Messaggio whatsapp valido come prova della comunicazione dell’assenza lavorativa

  • 27 Aprile 2026
  • Pubblicazioni
Il Tribunale di Udine, nella sentenza 167/2026 del 13 aprile 2026, ha accolto il ricorso di una lavoratrice che aveva impugnato una sanzione conservativa (pari a 2 giorni di sospensione) comminata per un’assenza ingiustificata.
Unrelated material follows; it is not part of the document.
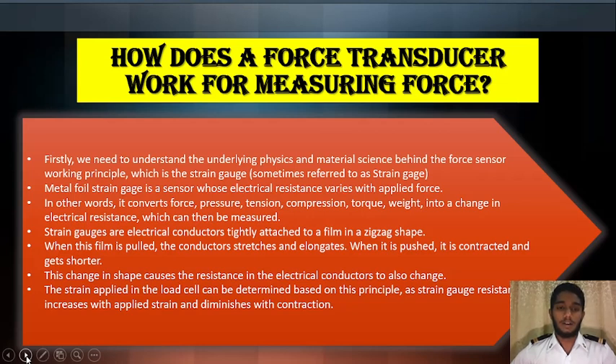Strain gauge electrical conductors are tightly attached to a film in a zigzag shape. When the film is pulled, the conductor stretches and elongates; when it is pushed, it is contracted and gets shorter. This change in shape causes the resistance in the electrical conductor to also change.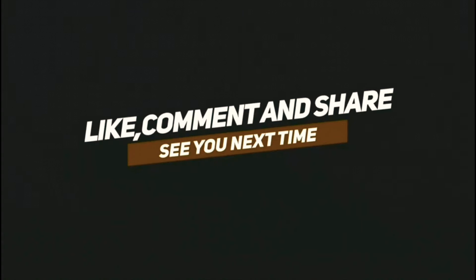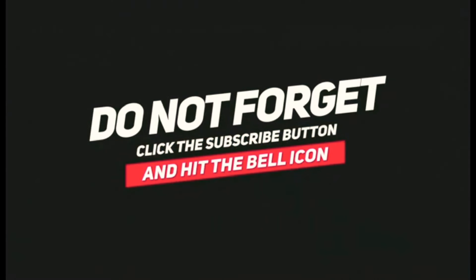Ok dear friends, that's all for today. If you like this video, please like and share. Post your opinions and queries in the comment section. Also, please support me by subscribing to my channel and clicking the bell icon for further notifications. See you later with another video. Till then, this is Aruna signing off. Bye bye and take care!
Nella fattispecie esaminata, la lavoratrice, dopo un periodo di ferie richiesto per alcuni accertamenti sanitari, aveva la necessità di prolungare il periodo di assenza; non essendo presente in quei giorni la sua referente, comunicava tale necessità via whatsapp ad un sostituto, che non le faceva obiezioni. Ciò nonostante, la società le contestava l’assenza ingiustificata per i giorni successivi e la sanzionava. Il Tribunale, nell’esaminare il caso sottoposto alla sua attenzione, in primo luogo, ha ribadito i principi in tema di onere della prova evidenziando che “il datore di lavoro, su cui grava l’onere della prova della condotta che ha determinato l’irrogazione della sanzione disciplinare, può limitarsi, nel caso in cui l’addebito sia costituito dall’assenza ingiustificata del lavoratore a provare il fatto, qui pacifico, nella sua oggettività, mentre grava sul lavoratore l’onere di provare elementi che possano giustificarlo”. In tale contesto, la ricorrente, a sua discolpa, ha prodotto i messaggi, anche audio, scambiati con il referente aziendale, che, secondo il Tribunale, erano del tutto idonei “ad ingenerare nella lavoratrice l’incolpevole convinzione della liceità della condotta tenuta”. Né in senso contrario può valere, per il giudice di primo grado, il fatto che l’azienda, in base ad una nota interna, richiedesse che le comunicazioni avvenissero solo via mail. Il Tribunale, infatti - e questa forse è la parte più interessante ed attuale della decisione, in quanto si confronta con gli attuali mezzi di comunicazione - attribuisce rilevo anche alla messaggistica via whatsapp. E ciò anche in quanto lo scambio di messaggi prodotto in atti dimostra che lo scopo della direttiva aziendale - ovvero conoscere in anticipo le assenze così da poter organizzare la sostituzione - era stato comunque raggiunto e, al fine di valutare la rilevanza disciplinare del comportamento tenuto dalla lavoratrice, ciò conta più del rispetto di una procedura formale.